===== Records for the task =====
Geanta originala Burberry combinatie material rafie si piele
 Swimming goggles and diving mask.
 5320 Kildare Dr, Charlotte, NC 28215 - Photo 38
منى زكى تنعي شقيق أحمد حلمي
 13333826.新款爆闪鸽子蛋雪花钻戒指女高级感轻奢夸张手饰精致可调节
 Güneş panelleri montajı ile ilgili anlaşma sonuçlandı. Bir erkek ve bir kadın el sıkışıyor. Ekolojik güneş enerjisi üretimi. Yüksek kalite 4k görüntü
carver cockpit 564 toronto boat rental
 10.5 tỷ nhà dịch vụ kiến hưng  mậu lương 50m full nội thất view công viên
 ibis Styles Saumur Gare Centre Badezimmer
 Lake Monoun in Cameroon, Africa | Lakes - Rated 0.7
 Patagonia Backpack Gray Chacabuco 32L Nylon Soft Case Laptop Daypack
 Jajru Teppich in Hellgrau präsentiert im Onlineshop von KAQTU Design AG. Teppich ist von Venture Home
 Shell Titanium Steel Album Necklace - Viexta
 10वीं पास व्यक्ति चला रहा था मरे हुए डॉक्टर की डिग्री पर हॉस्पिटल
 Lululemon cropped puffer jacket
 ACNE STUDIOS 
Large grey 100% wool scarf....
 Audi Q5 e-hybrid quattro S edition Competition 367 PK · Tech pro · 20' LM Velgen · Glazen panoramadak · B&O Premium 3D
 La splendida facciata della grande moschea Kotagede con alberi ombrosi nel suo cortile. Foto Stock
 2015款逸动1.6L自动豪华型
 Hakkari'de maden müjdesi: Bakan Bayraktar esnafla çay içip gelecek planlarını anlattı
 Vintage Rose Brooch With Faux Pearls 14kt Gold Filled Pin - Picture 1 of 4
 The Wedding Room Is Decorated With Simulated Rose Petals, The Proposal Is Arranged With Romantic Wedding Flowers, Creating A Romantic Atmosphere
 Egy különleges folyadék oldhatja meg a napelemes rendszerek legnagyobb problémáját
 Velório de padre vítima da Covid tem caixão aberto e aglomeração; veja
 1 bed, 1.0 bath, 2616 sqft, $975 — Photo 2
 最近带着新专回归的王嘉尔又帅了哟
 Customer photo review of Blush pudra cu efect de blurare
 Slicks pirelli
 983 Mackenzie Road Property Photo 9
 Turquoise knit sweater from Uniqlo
=====
Aim of the exercise - Quote the data above verbatim from its first line to the line that includes "carver cockpit 564 toronto boat rental", with both boundary lines retained.

Task answer -
Geanta originala Burberry combinatie material rafie si piele
 Swimming goggles and diving mask.
 5320 Kildare Dr, Charlotte, NC 28215 - Photo 38
منى زكى تنعي شقيق أحمد حلمي
 13333826.新款爆闪鸽子蛋雪花钻戒指女高级感轻奢夸张手饰精致可调节
 Güneş panelleri montajı ile ilgili anlaşma sonuçlandı. Bir erkek ve bir kadın el sıkışıyor. Ekolojik güneş enerjisi üretimi. Yüksek kalite 4k görüntü
carver cockpit 564 toronto boat rental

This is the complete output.